Data supplied:
- - - - - - -
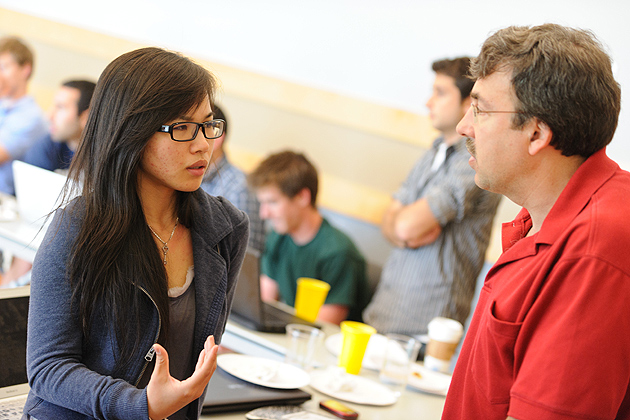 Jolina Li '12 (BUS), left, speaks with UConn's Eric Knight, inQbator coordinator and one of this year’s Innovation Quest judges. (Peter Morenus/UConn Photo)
- - - - - - -
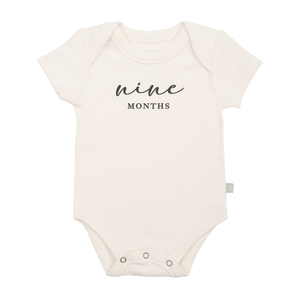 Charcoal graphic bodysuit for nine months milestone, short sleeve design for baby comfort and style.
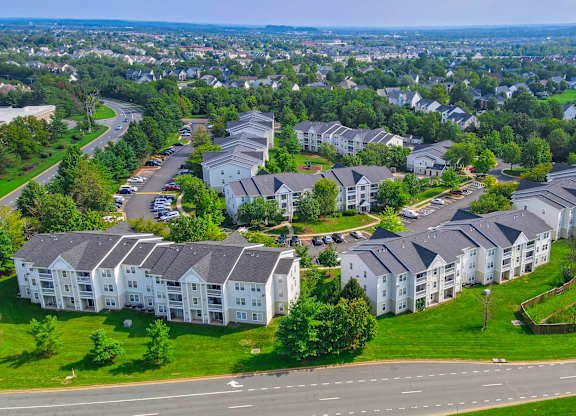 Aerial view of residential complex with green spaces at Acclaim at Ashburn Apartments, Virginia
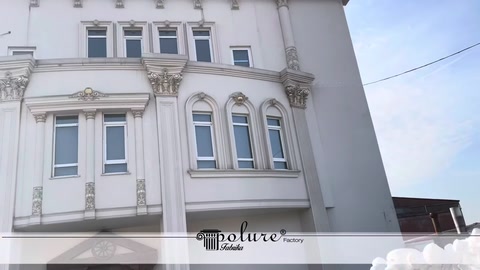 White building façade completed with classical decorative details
- - - - - - -
Your goal: Give again the stretch of the entries above that begins at the line with "Aerial view of" and ends at the line with "White building façade", word for word, with no pictures.

Answer for this exercise:
 Aerial view of residential complex with green spaces at Acclaim at Ashburn Apartments, Virginia
 White building façade completed with classical decorative details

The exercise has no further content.